(TheRedWire.com) – On Thursday, the Biden administration’s Consumer Financial Protection Bureau (CFPB) introduced a new proposal that, if successful, could stop unpaid medical bills from appearing on credit reports. If the measure is successful, millions of Americans could see an increase in the credit score that creditors evaluate during the loan application process.
According to the announcement, the measure aimed to “end coercive debt collection tactics” while improving credit scores by reducing inaccurate data. The federal agency argued that by not having medical debts appear on credit reports, Americans could more quickly recover after a medical crisis. It would also stop debt collectors from pushing people to pay off debt they may not have owed initially and clean up any inaccurate or mistaken information.
Vice President Kamala Harris noted in a post on X, formerly known as Twitter that medical debt has been damaging to credit scores for years, and this new measure would allow millions of Americans to make investments in their future.
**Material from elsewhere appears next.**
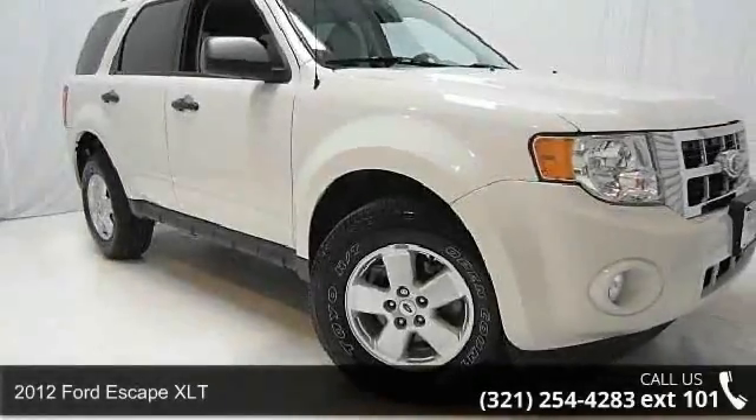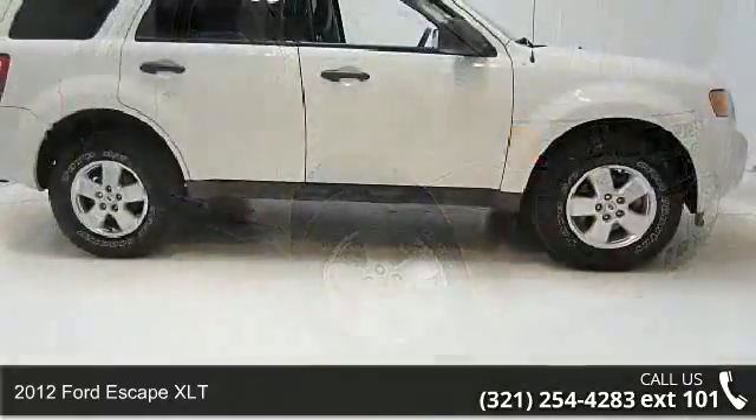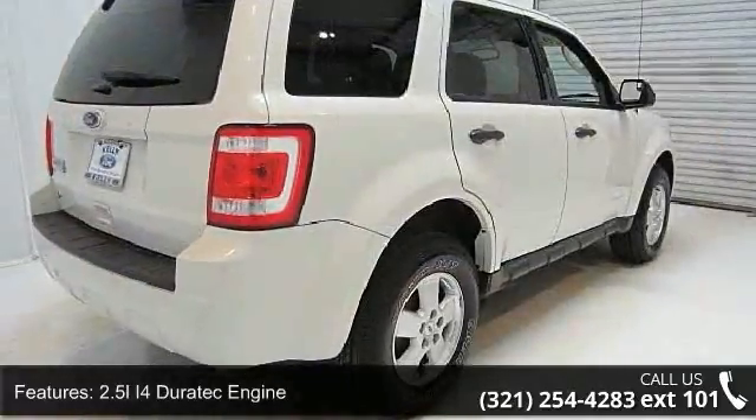Presenting the 2012 Ford Escape XLT. This may be the set of wheels you've been looking for. This vehicle comes with a reliable 4-cylinder engine connected to a smooth shifting automatic transmission.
According to a CFPB report from last year, around 20 percent of Americans revealed that they had some medical debt. The pandemic exacerbated this situation, as many insured and uninsured patients had to undergo hospitalization.
Rohit Chopra, the bureau’s director, stated that medical bills have been shown not to have a significant predictive value regarding credit scores. Yet, millions of Americans have to deal with their medical debt’s effects on their credit reports.